Scientific classification
- Kingdom: Animalia
- Phylum: Chordata
- Class: Mammalia
- Order: Chiroptera
- Family: Pteropodidae
- Genus: Casinycteris
- Species: C. argynnis
- Binomial name: Casinycteris argynnis Thomas, 1910

= Short-palated fruit bat =

- Genus: Casinycteris
- Species: argynnis
- Authority: Thomas, 1910
- Conservation status: LC

Species of bat

The short-palated fruit bat (Casinycteris argynnis) is a species of frugivorous megabat in the family Pteropodidae. It is found in Cameroon, Central African Republic, and Democratic Republic of the Congo. Its natural habitat is subtropical or tropical moist lowland forests. Births occur in May.

==Description==

The head and body of the bat measures from 90-95 mm in length and have a vestigial tail. The forearm length is about 50-63 mm. The wing membrane joins with the phalanges of the first toe rather than the second toe as typical in many other fruit bats. The bat weigh anywhere from 26-30 g.
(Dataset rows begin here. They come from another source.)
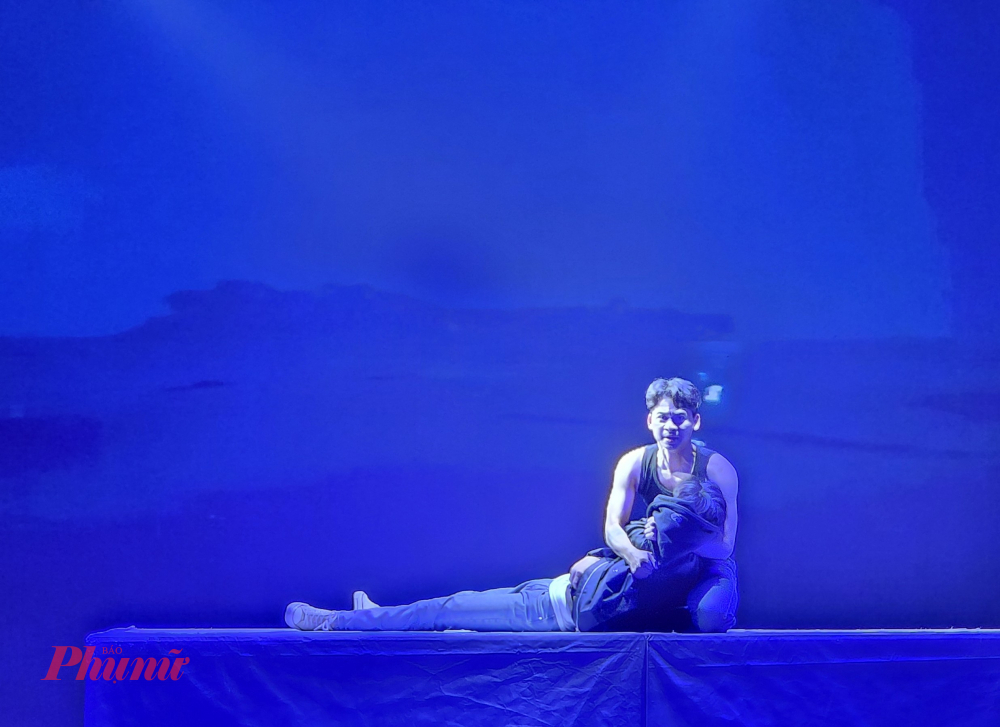 Lần cuối cùng mọi người nhìn thấy Hùng Râu là ở một bờ biển tại Thái Lan.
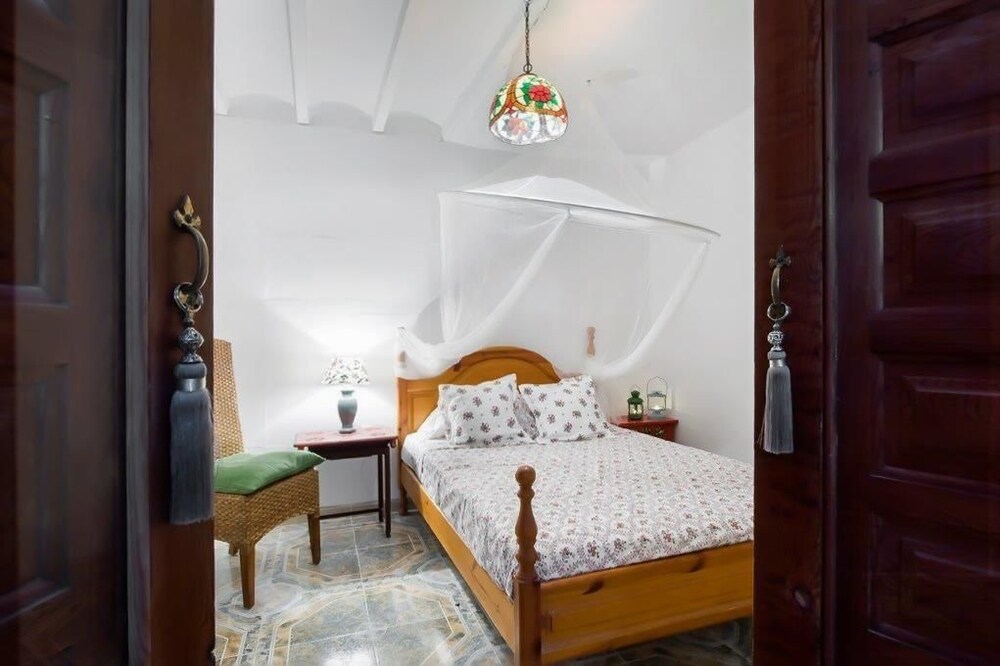 Camera (Appartamento, 6 camere da letto, vista mare, fronte mare)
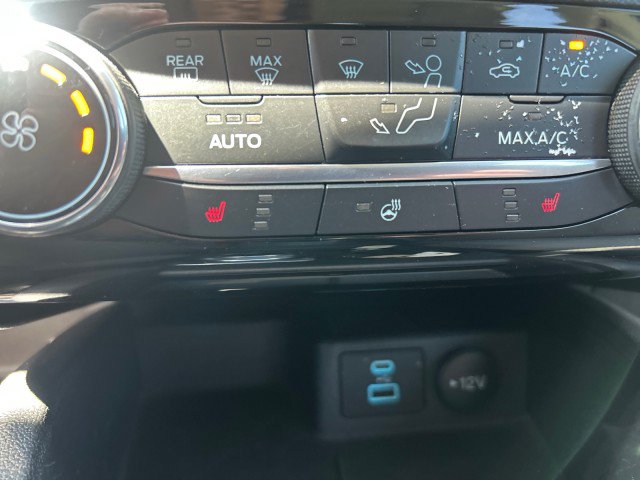 Used 2022 Ford Escape SE w/ Cold Weather Package AWD/4WD image 17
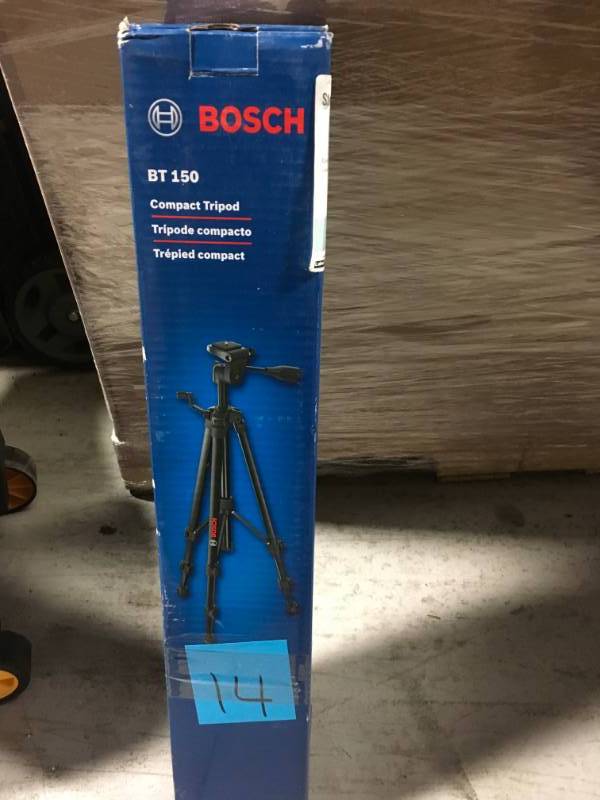 Bosch BT150 Tripod Compact 2 Pound 22In-61In  in like new condition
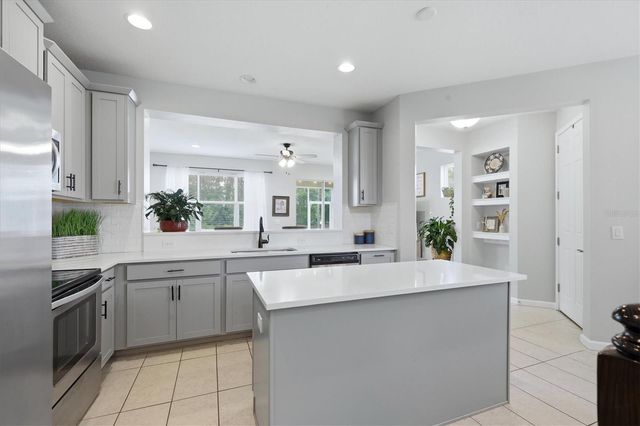 5552 PLEASANTVIEW COURT, Bradenton, FL 34211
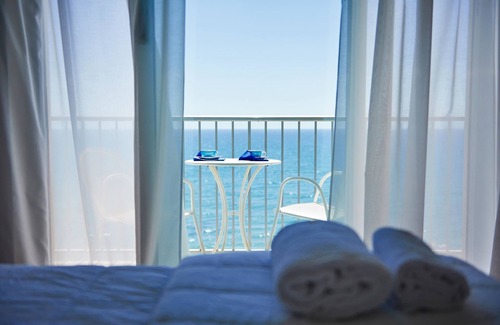 Imperia Hotel | Discover Comfort at Hotel Croce di Malta with Breakfast Included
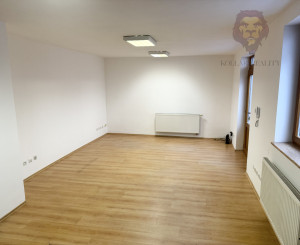 TOP priestory 45 m² – Námestie Trenčín za 400 €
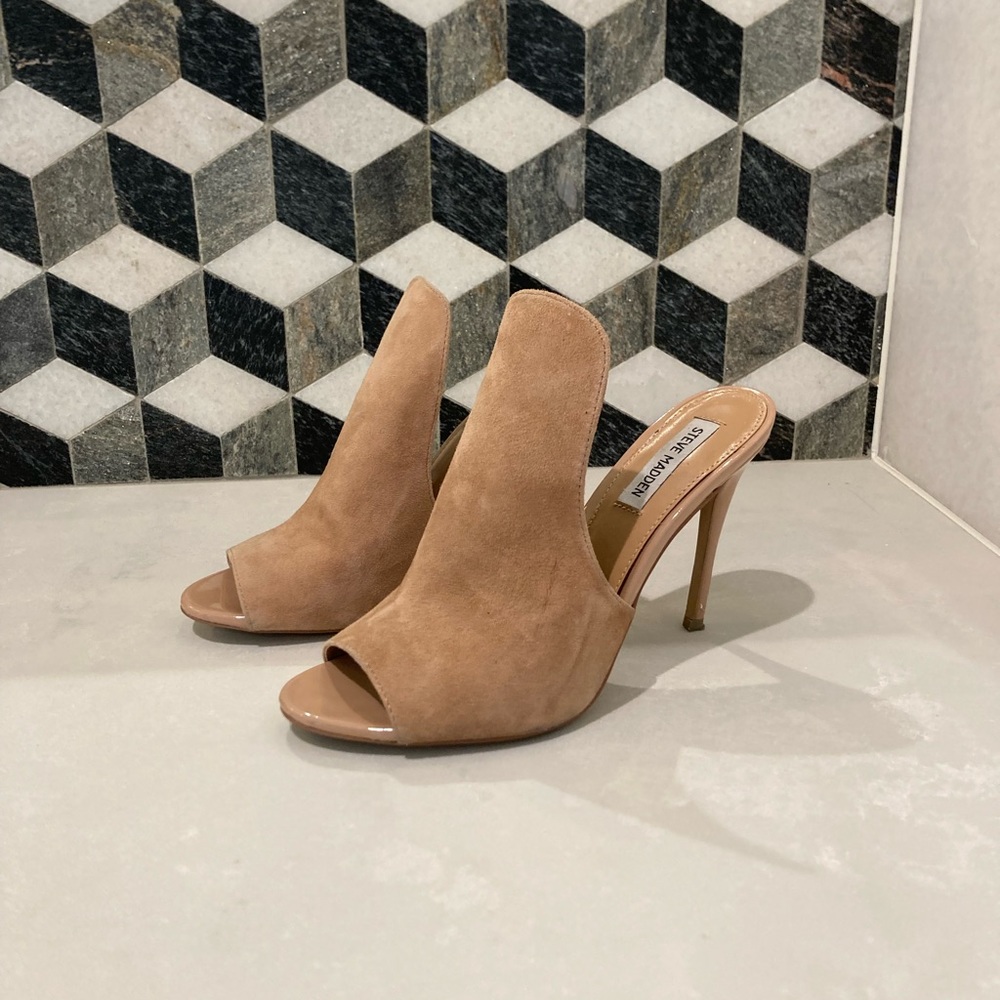 Steve Madden Sinful Nude Suede Leather Peep-Toe Mules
The fur is a light brown but the snout, eyelids, ears, and wings can be yellowish green to bright orange in color. The fine hair of the brown fur is brown at its base, lightens in its center, and becomes brown again at the end. At the base of the ears there are tufts of white hairs and two oblong white patches are present between and behind the eyes. The round pupil of the bat is quite large, almost obscuring the yellow-brown iris. The flat nose is pinkish and the ears, as wing membranes, are yellowish-brown. The premolars and molars are abnormally shaped and the spreading zygomatic arches coupled with the ascending ramus indicates a crushing rather than cutting biting mechanism. These characteristics as well as the short and bony palate suggest a radically different diet as compared to typical frugivorous bats, and the short tooth row is typical of an insectivorous rather than frugivorous bat.

==Conservation==

Though the bat may be locally abundant in Africa, it is threatened by deforestation. The IUCN lists the species as "Least Concern" as deforestation is unlikely lead to a major decline in the bat's population.